Trenchless technology offers an intelligent, economical and sustainable solution for the rapid installation of the infrastructure of charging stations for electric vehicles.

In contrast to the classic open construction method, trenchless construction eliminates the need to dig up the surface along the entire pipe or cable route.

The main advantages of trenchless work are:

• Valuable areas and resources are conserved as there is no need for costly excavation and renovation work

• Minimal impact on residents and companies due to fewer traffic obstructions and less building area

• Short construction and set-up times enable more efficiency and adherence to deadlines

• Significantly lower direct and indirect costs compared to open construction

• Trenchless construction methods help to preserve the environment and potential wildlife habitats and to reduce carbon dioxide emissions, fuel consumption and noise pollution

• Reliable and compliant construction that has been tried and tested for decades

When you consider that civil engineering accounts for 80 percent of the costs of conventional underground infrastructure installation projects, the savings potential is easy to imagine if surfaces and resources can be protected through the use of minimally invasive trenchless technologies.

Increasing the spread of electric vehicles (EVs) is an important way to ensure that the federal and state governments can achieve their climate goals.

It is all the more sensible if the construction itself is ecologically sensible and less disruptive and does not lead to a further deterioration in the environmental balance of a municipality.

In addition to the economic and environmental benefits of trenchless technology, its nominal impact can make a huge contribution to the general adoption of electric vehicles in the population – this is important when you consider that Australia lags behind many of its international counterparts in electric vehicle sales.

An economical and environmentally friendly construction

Intelligent trenchless solutions are not only economical when installing multiple charging points, but also when building individual charging points; Different systems and processes are used depending on the type and length of the individual connections to the distribution network, the capacity and the number of charging points.

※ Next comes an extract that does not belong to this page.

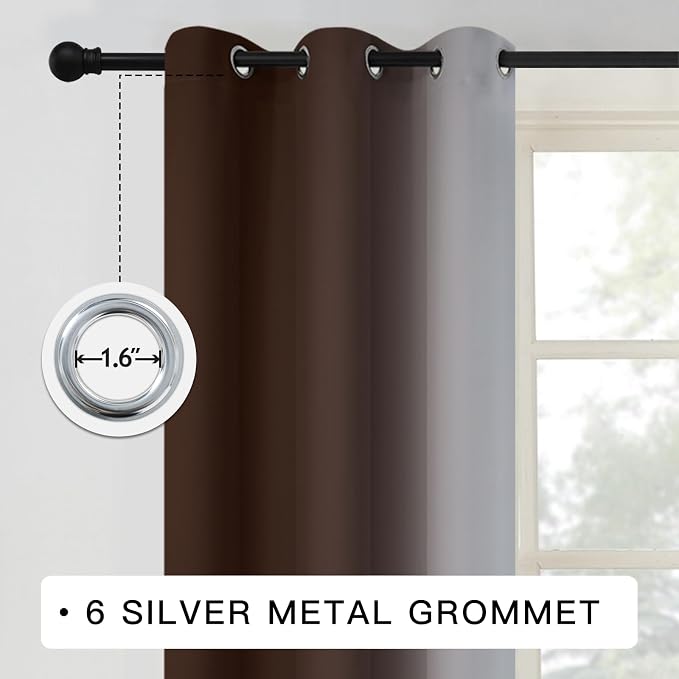 COSVIYA Curtains & Drapes Grommet Ombre Brown Curtains W42 x L72 Inch | - Image 2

The trenchless technology offers a quick and easy burial of the protective tubes for power and control cables from the connection point (sub-distribution) to the charging station and between the charging stations.

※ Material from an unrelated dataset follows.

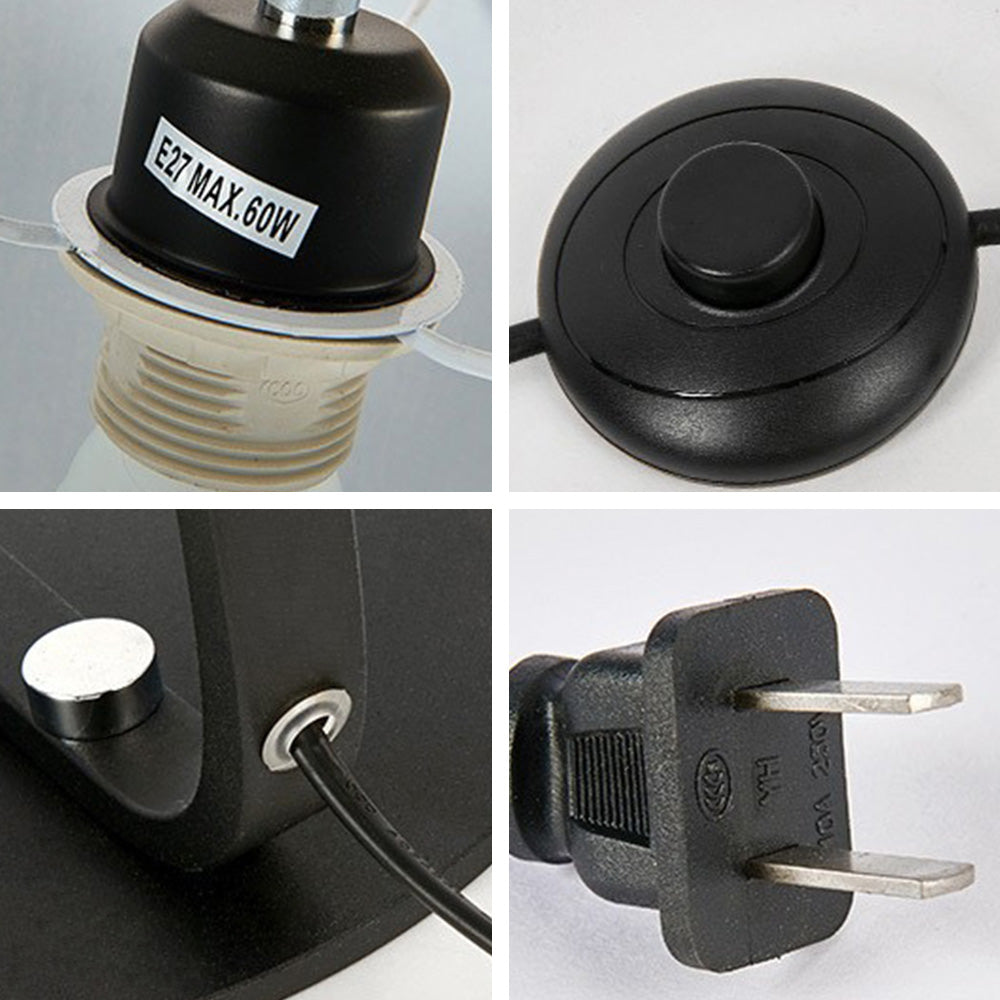 Lampadaire Arche Moderne, Métal/Tissu, Noir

With the minimally invasive keyhole technology, the excavation can be used as the foundation of the charging station and trenchless methods are suitable for almost all types of soil, including rock.

House connections for the power supply of the charging stations can also be laid without trenches, the range of applications can also be used at charging points in hotels, shopping centers or on the street, as well as cables for large triple chargers, e.g. stations.

The German manufacturer TRACTO-TECHNIK develops, builds and sells machines and accessories for underground installation and the trenchless renewal of pipelines.

These trenchless technology solutions are used in the construction of pipeline networks for water, sewer, gas, electricity, telecommunications, district heating and fiber optic networks.

With the GRUNDOMAT soil displacement hammer, the entire range of services can be installed and renewed without trenching.

One of the highlights of the TRACTO-TECHNIK horizontal directional drilling machine family is the GRUNDODRILL 18ACS, which works highly efficiently in changing soils as well as in the hardest rock and offers significantly reduced operating costs and construction times compared to comparable drilling rigs.

The cost pressure in civil engineering led to the development of another TRACTO-TECHNIK innovation: the award-winning GRUNDOPIT K, with which building technology connections can be laid, repaired and renewed via a keyhole access pit with a maximum diameter of only 650 mm.

The new GRUNDOPIT PS40 is designed to meet the challenge of developing the urban subway network and, thanks to its slim design, is ideal for use in inner-city areas.